Ethics board: We lack jurisdiction over Rep. Ahern’s meeting with teens
Weeks after an angry parent complained that state Rep. John Ahern "verbally abused" teens lobbying him on behalf of Planned Parenthood, a state ethics board has dismissed the complaint.
The Legislative Ethics Board concluded that it lacked jurisdiction over a conversation between Ahern, the students and an adult chaperone.
The ruling means that "the legislator is entitled to his opinion and that there's no ethical provision which addresses language which some people think to be offensive," said board attorney Mike O'Connell. He released the ruling Wednesday.
The complaint was filed by one of the students' parents, Wesley Wilhelm of Spokane.
On Jan. 21, seven local youths from Planned Parenthood of the Inland Northwest's teen advisory board met with Ahern, R-Spokane, in his legislative office in Olympia. They were promoting family planning and more funding for sex education.
"It's the first time in 8 years they've decided to come visit me, so I decided I'd have some good questions for them," Ahern said Wednesday.
It turned out to be mainly just one question, asked over and over. As Ahern recalls it, he said "By the way, I need to find out how many unborn babies were killed by Planned Parenthood."
Ahern says he asked the students that a couple of times, then asked their chaperone twice, then asked the teens a couple of more times.
"I was just trying to give them a lesson on pro-life issues," he said. He said Wednesday that he feels the group is "trying to refurbish their image by bringing teenagers into their fold."
When one girl protested at the meeting that she should have control over her body, he said, he asked whether an unborn child should have a say, too.
"That stymied them," Ahern said.
The incident, first reported by The Inlander, disgusted Wilhelm. His then-15-year-old daughter was one of the half-dozen teens.
In a Feb. 10 letter to House Republican leader Richard DeBolt, Wilhelm called the "persistent, off-topic and threatening" questioning "abusive" and asked that Ahern be investigated and punished for a "complete lack of human decency." The students were not there lobbying about abortion, he said.
"Such abuse of anyone, regardless of their political positions, is reprehensible," he wrote.
Wilhelm also called for a written apology to the students, all lawmakers, and to the more than 130,000 residents of Ahern's legislative district.
Civic-minded teens who visit their lawmakers shouldn't be berated, he said.
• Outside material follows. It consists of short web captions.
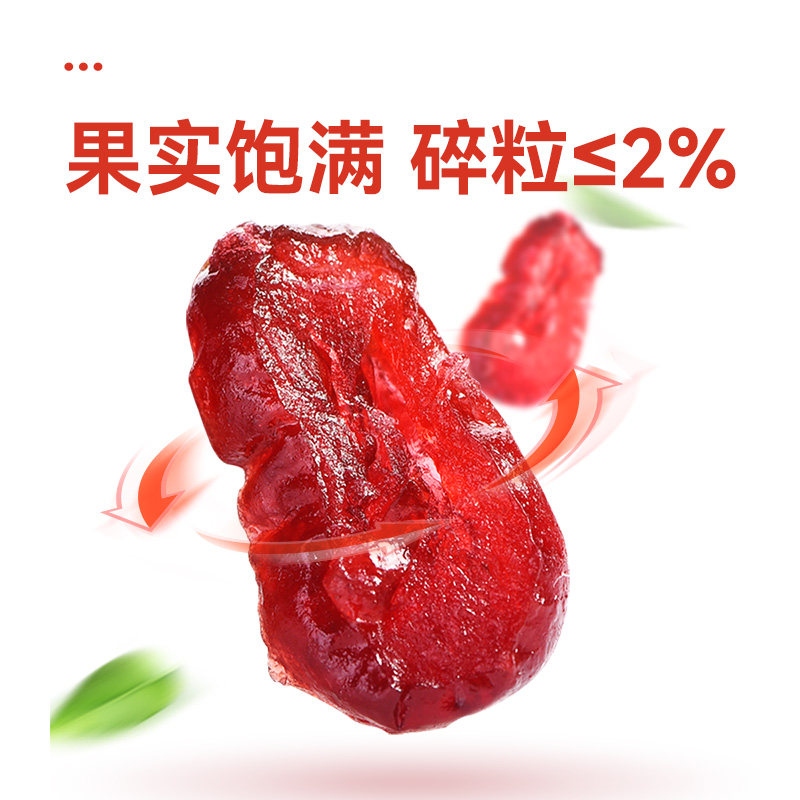 沃隆蔓越莓干雪花酥140g 13.32元 - 86线报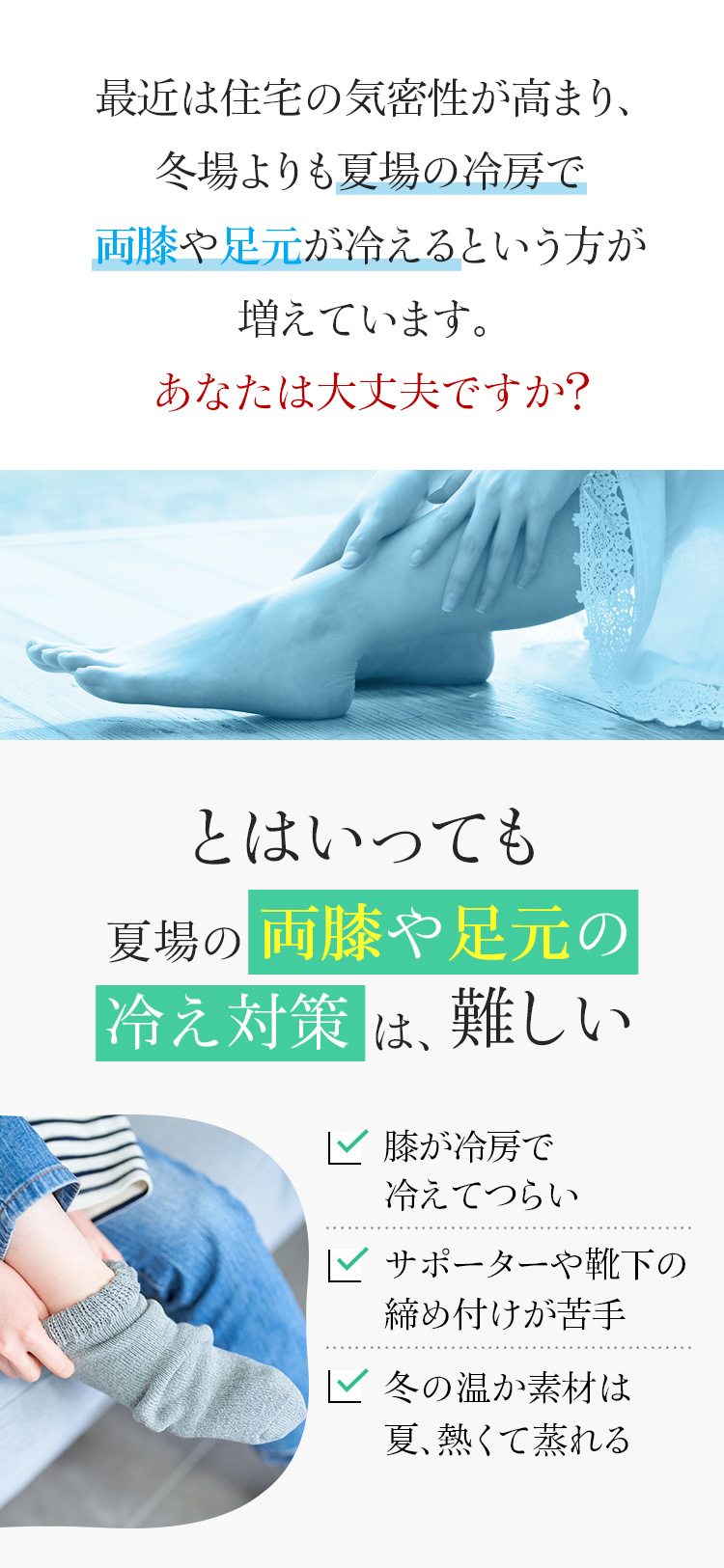 夏場の両膝や足元の冷え対策は、難しい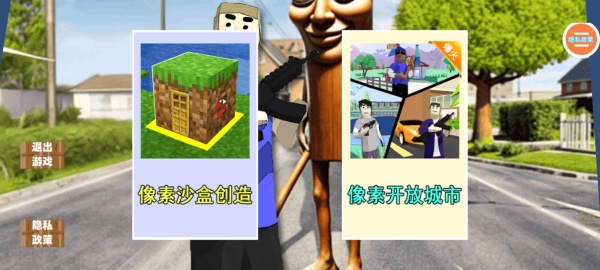 沙盒世界生存者游戏下载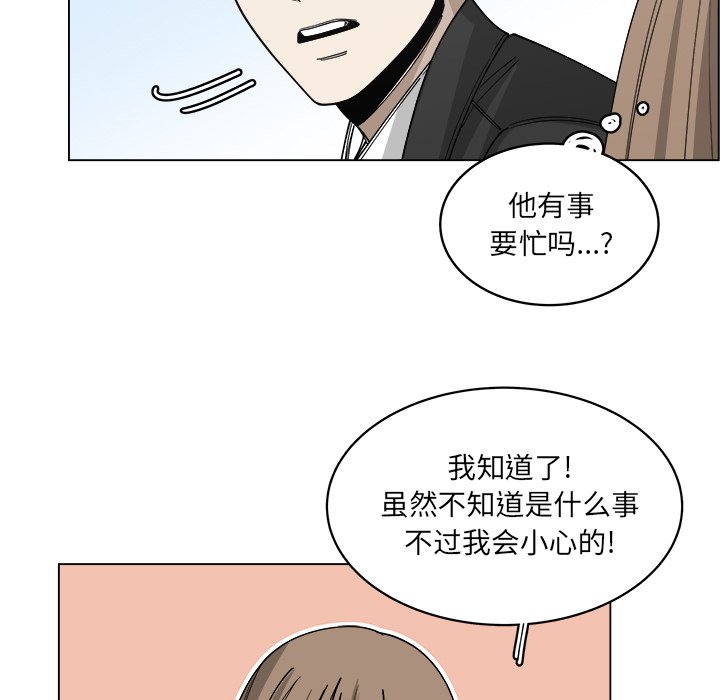 第57話 - 第23张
And Ahern's behavior, he said, belies the "Washington State Legislature welcomes kids of all ages" statement trumpeted on the legislative web page.
UPDATE: Ahern's been feeling the love lately from columnists over this incident, including Hard 7's Rebecca Mack, who notes pointedly that he's up for election:
Ahern will doubtless toot his horn about the work he's done over the years trying to get a felony DUI bill passed, and remove the statute of limitations for sex crimes against children. That's fine and dandy, but Ahern's good work in no way gives him a pass on his gaffes.
Ahern says he's not worried.
"Was it Harry Truman who said `If you can't stand the heat stay out of the kitchen?'" he said.